My 5th great grandfather, Jesse Rector, served as a foot soldier in the Revolutionary War. Jesse and his older brother James both participated in the siege of Yorktown, culminating in Lord Cornwallis' surrender to George Washington on 19 Oct 1781. According to the Yorktown national Historical Park literature, "The American victory at Yorktown, the last major battle of the American Revolution, secured independence for the United States and significantly changed the course of world history
One of his son’s, Isaac Rector, applied for membership in the Sons of the American Revolution based on Jesse’s service. He wrote as follows:
“My knowledge of my father’s service as a soldier in the Revolution is derived from what I have heard him say on the subject. I have often heard him speak of being a soldier in the Revolutionary War. He belonged to a Virginia regiment of militia organized early in 1781 and disbanded soon after the surrender of Cornwallis. He served with his regiment at the siege of Yorktown and was present at the surrender.

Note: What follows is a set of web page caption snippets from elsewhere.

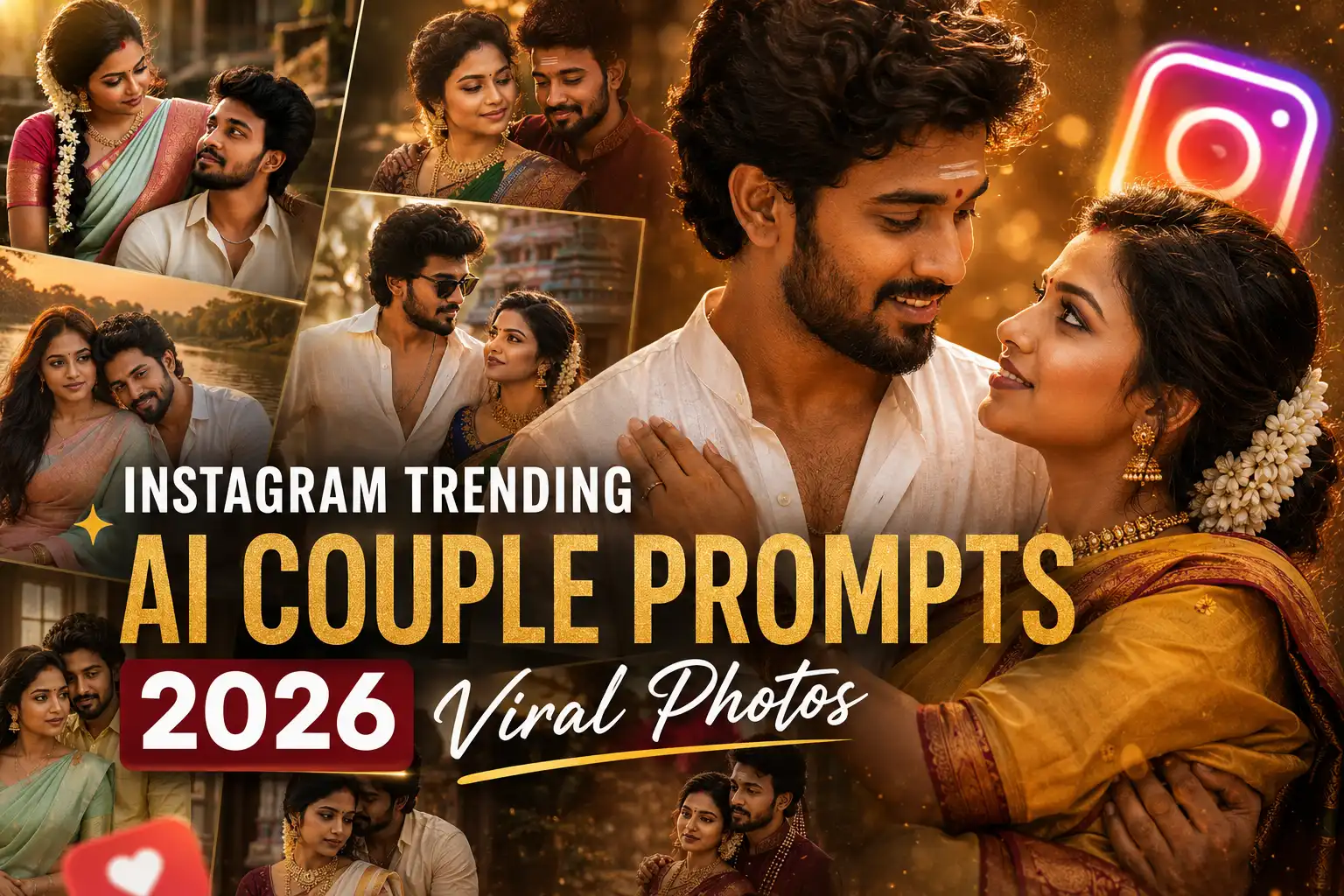 Instagram Trending AI Couple Prompts 2026 | Viral Photos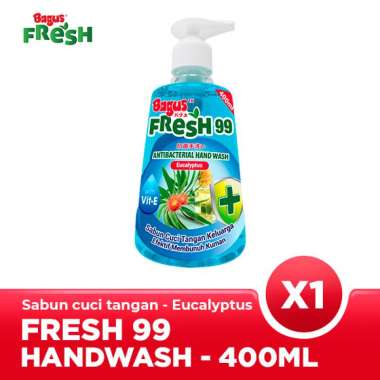 Bagus FRESH 99 Antibacterial Hand Wash Botol 400 ml - Eucalyptus - Sabun Cuci Tangan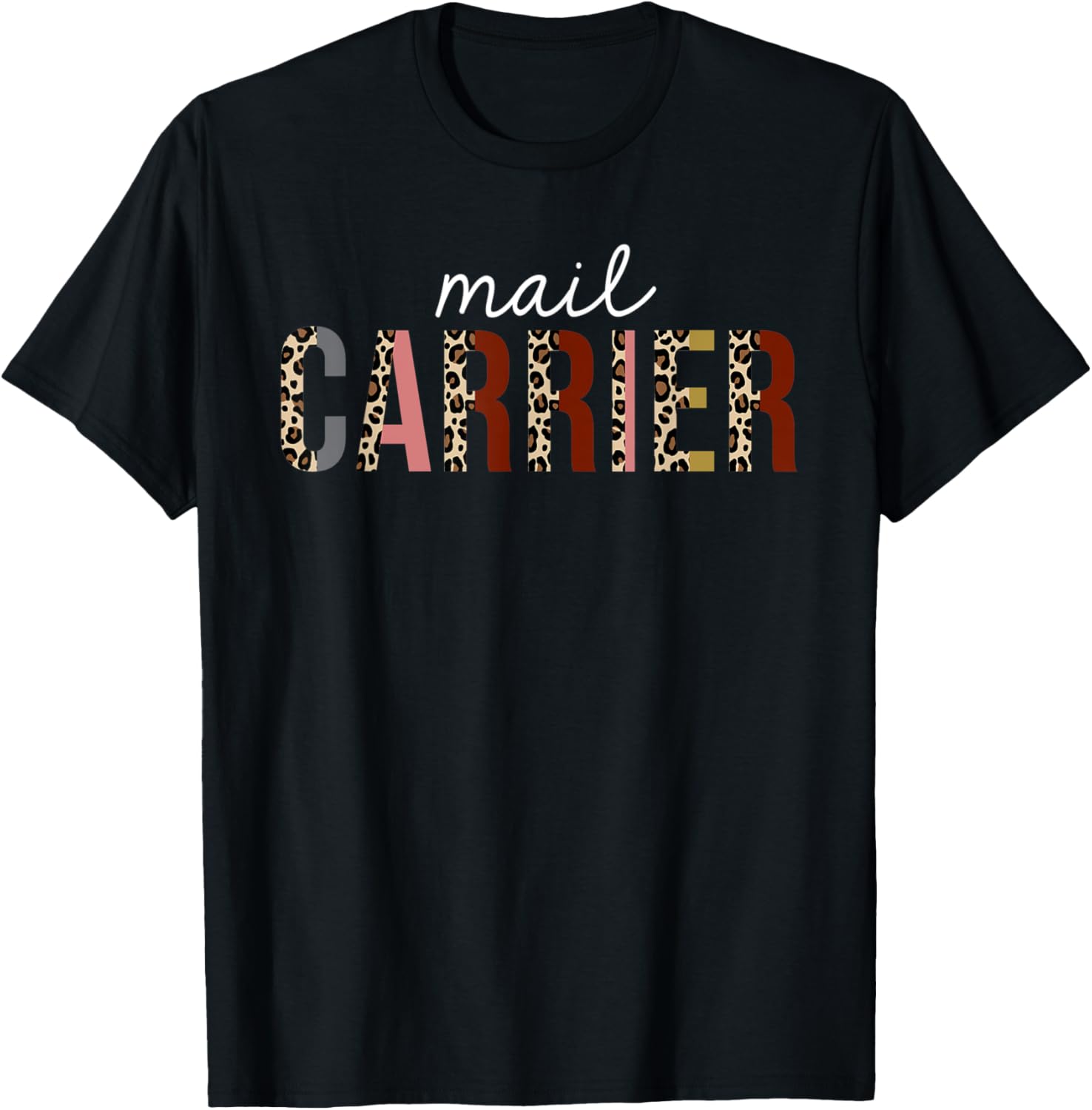 Mail Carrier Leopard Print Funny Appreciation Apparel Viral TikTok Find Hot Right Now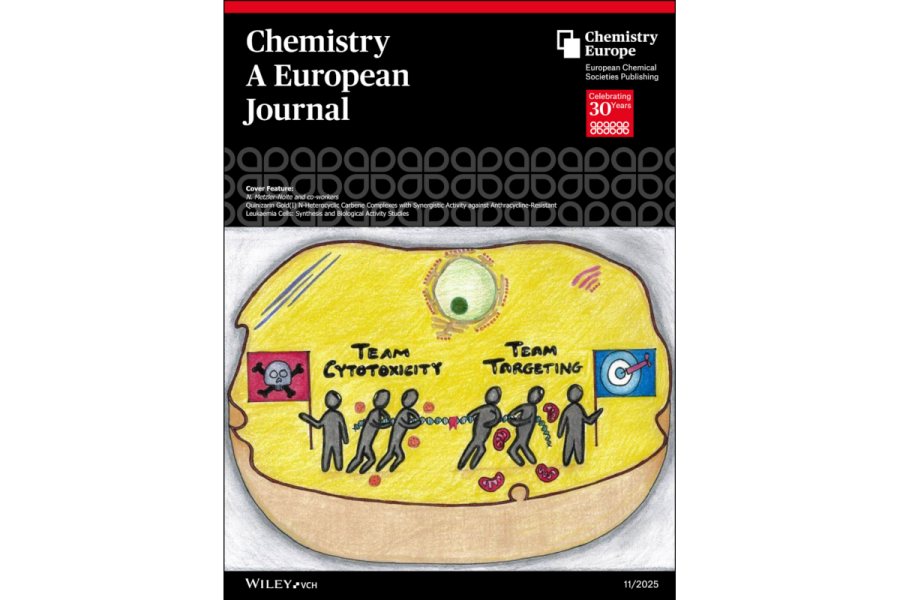 Cover Feature: Quinizarin Gold(I) N-Heterocyclic Carbene Complexes with Synergistic Activity Against Anthracycline-Resistant Leukaemia Cells: Synthesis and Biological Activity Studies (Chem. Eur. J. 11/2025)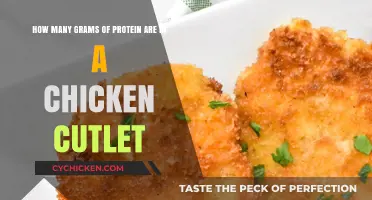 Chicken Cutlet Protein: How Much Is There?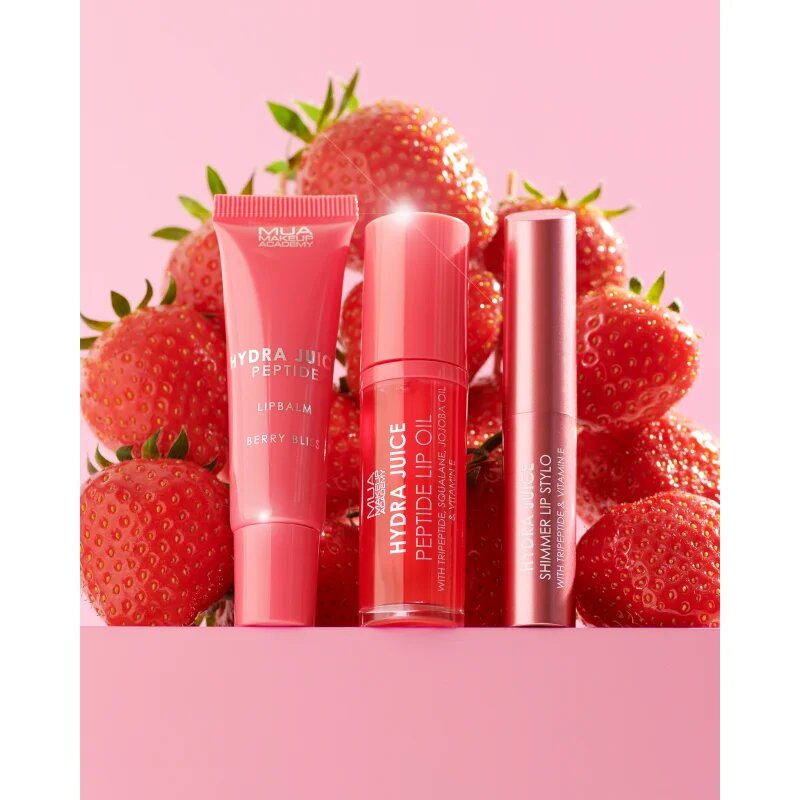 MUA Makeup Academy Hydra Juice Peptide Shimmer Lip Stylo bleščeča šminka s hranilnim učinkom odtenek Berry Bliss 1.5 g
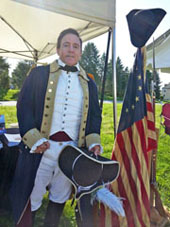 Gene Pisasale as Colonel Alexander Hamilton at the Battle of Brandywine Reenactment 2014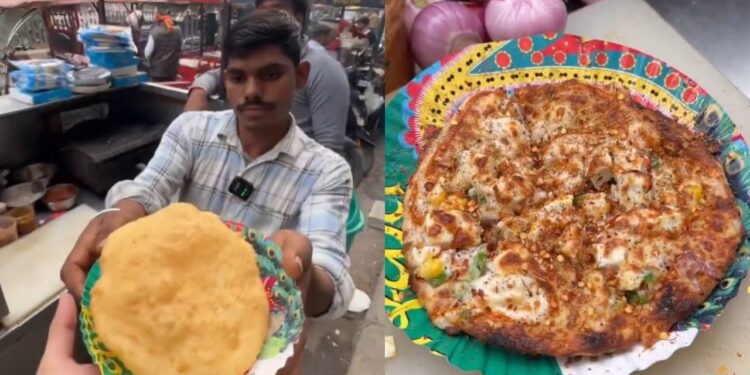 Viral Video: गजब…बंदे ने लगाया ऐसा देसी जुगाड़, भटूरे को बना दिया पिज्जा, देखते ही लोगों ने पीट लिया माथा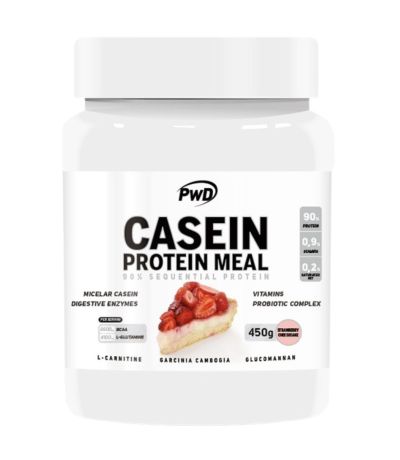 Casein Protein Meal Tarta Queso y Fresa 450g PWD
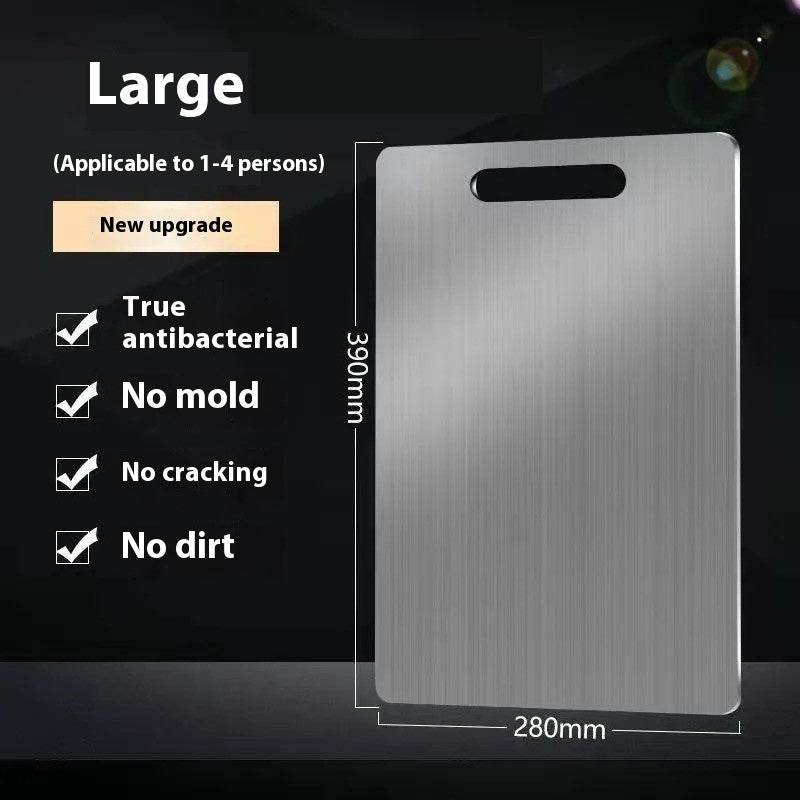Stainless Steel Cutting Board Antibacterial Double-sided - Mubimart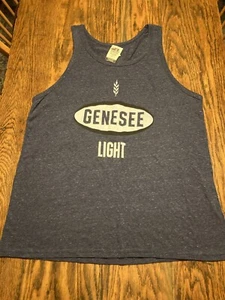 New W/ Tags GENESEE LIGHT Tank Top Sz XL Breweriana Rochester NY USA Made - Picture 1 of 9
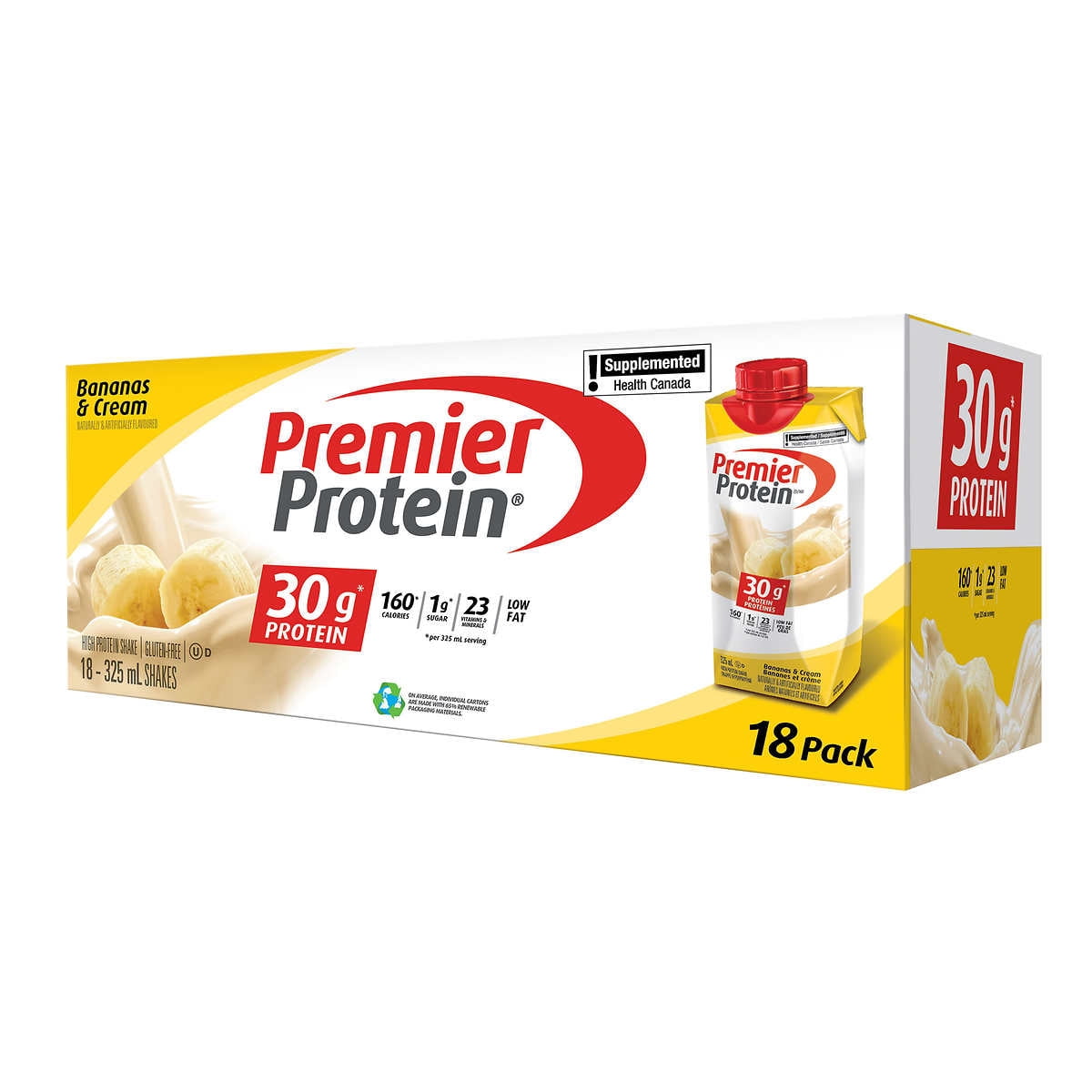 Premier Protein High-protein Banana Shake 325 mL, 18-count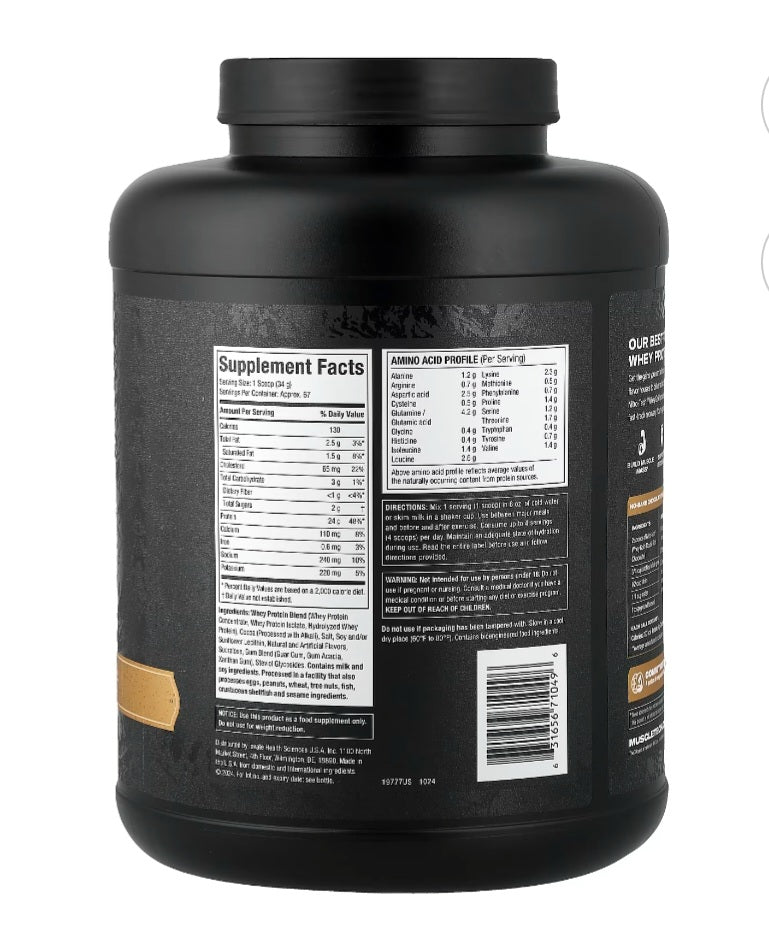 MuscleTech- Nitro Tech- Proteina - Whey Gold 5.03Lb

I have heard him say when his regiment reached Yorktown our lines were six hundred yards from those of the British, and that before the surrender they were moved up to within three hundred yards. He said that at the latter distance our troops could hear the crashing of the walls of the houses within the town as they were knocked down by our artillery. He said as the British General Cornwallis marched up through Virginia, he gathered up all the good horses he could find. After the surrender our troops found he had many of the horses killed or driven into the river and drowned to prevent them falling into our hands; that the tide washed many of them ashore and that the air was foul with the odor of their decaying carcasses.
He said he saw the British troops march out and stack their arms and spoke of the angry manner in which some of the soldiers put down their guns. He also spoke of the fine music he heard by the bands on the French fleet after the surrender."